= Task item =
Copy each line below holding "Women".

= Available records =
+===+

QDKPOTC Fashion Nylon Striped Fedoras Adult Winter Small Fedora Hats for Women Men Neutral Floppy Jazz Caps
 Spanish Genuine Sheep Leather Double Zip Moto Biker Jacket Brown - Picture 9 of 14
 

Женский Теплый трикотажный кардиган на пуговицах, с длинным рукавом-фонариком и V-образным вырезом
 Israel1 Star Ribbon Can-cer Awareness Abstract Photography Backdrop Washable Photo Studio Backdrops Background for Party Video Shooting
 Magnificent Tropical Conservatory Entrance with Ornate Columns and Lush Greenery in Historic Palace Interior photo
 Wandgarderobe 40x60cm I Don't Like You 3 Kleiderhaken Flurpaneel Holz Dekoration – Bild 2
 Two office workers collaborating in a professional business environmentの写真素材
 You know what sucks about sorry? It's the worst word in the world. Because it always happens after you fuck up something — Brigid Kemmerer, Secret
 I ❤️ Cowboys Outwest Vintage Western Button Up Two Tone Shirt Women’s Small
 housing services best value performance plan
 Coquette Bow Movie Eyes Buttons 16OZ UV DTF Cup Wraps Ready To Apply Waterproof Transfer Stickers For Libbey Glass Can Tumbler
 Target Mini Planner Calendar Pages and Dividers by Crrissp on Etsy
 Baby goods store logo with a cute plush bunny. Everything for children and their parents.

+===+

= Result of this exercise =
QDKPOTC Fashion Nylon Striped Fedoras Adult Winter Small Fedora Hats for Women Men Neutral Floppy Jazz Caps
 I ❤️ Cowboys Outwest Vintage Western Button Up Two Tone Shirt Women’s Small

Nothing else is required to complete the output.